地酒にとって気候風土は、最重要であると言いたい。日本酒は寒造りといわれる日本の冬の厳しい寒さが、良い日本酒を醸造することの最大の条件だからだ。また、水も然りである。
昨今の酒蔵の状況をみると、発酵や貯蔵用に温度調整機能の付いたサーマルタンクを使用するのはもちろんのこと、仕込蔵全体や槽場ごと低温調整される酒蔵もある。
これらは皆、良質の酒を造るための選択であると思われるが、せっかくの気候風土を排除し、酒蔵の醸造技術向上は期待できない。消費者本位の酒造りがそうさせる結果となっている。売れる酒を造り続けることで、全国区となり地酒から脱皮していくのである。
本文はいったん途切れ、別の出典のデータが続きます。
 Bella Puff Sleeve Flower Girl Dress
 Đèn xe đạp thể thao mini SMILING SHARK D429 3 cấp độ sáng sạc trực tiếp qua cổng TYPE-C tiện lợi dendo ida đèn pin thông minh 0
地元の方々は、愛着をもって応援できないないのではないかと考える。
以前、国税局の鑑定官室長を努められた方が、「この井戸を掘った先代に感謝しなさい。」と蔵元におっしゃっていたのを思い出す。
ワインはわかりやすい。原料がぶどうだから。ウイスキーも同様に、長期間の貯蔵に気候が影響するから。
日本酒は8割以上が水。そう考えるとその土地由来の原料そのもの。だったら、どんな造り方をしても、「地酒」でいいか。